Per lei, professor Sen, in linea con Aristotele e tutta la tradizione classica dell’etica delle virtù, la “vita buona” si misura dunque sulla base di quanto la gente “fa e può fare”, non in base a che cosa “sente”. Come a dire che le moderne democrazie hanno bisogno di più indicatori di benessere (incluso il Pil), poiché qualunque riduzione ad un solo indicatore, compreso un indicatore di felicità, mette sempre in pericolo la democrazia e la libertà.

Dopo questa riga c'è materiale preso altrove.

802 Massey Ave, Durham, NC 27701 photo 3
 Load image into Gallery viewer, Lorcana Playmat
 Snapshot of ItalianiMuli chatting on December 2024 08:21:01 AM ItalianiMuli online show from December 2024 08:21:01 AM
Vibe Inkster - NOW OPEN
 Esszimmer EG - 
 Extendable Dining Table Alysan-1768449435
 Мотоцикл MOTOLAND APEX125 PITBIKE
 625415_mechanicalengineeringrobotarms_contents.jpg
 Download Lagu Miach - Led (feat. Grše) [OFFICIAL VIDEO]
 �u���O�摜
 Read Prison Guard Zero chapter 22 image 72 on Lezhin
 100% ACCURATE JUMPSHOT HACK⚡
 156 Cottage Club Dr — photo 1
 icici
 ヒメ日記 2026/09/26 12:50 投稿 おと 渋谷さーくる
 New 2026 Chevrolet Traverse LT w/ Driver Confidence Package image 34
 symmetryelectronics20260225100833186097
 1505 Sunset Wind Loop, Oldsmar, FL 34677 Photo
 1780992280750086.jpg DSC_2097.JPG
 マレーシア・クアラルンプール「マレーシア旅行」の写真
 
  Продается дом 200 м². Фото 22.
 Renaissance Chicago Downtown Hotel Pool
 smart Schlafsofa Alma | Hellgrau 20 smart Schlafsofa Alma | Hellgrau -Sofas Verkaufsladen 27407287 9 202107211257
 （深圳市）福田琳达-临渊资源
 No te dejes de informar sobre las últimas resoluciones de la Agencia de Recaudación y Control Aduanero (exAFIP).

«Sì, credo che anche gli indicatori basati sulla felicità siano molto problematici, perché fanno commettere errori gravi a danno delle persone più
svantaggiate della società. E come ho avuto modo di scrivere nel mio ultimo libro, L’idea di giustizia: “Non c’è bisogno di essere Gandhy (o Martin
Luther King o Nelson Mandela o Aung San Suu Kyi) per comprendere che gli obiettivi e le priorità di una persona possono andare ben al di là
degli angusti confini del ben-essere e della felicità individuale”».

Vorrei chiudere con la frase di Dante con cui ha aperto la sua conferenza all’Auditorium della musica di Roma alla presenza di oltre 700 persone (quelli che hanno trovato i biglietti): «O gente umana, per volar su nata, perché a poco vento così cadi?» (Purgatorio, XII).

«In effetti, la domanda di Dante è molto importante. È grande il contrasto tra le grandi cose che gli esseri umani possono raggiungere, e le esistenze così povere e limitate che molti uomini e donne finiscono per vivere. Le potenzialità degli esseri umani – di condurre una vita buona, di essere contenti e felici, di essere liberi – sono molto maggiori di quanto riusciamo, concretamente a realizzare».

Se il compito dell’economista, almeno di quelli come Sen, fosse quello di studiare per contribuire a ridurre gli ostacoli oggettivi e soggettivi che ci
impediscono di esprimere al meglio le nostre potenzialità, allora fare l’economista sarebbe un buon mestiere.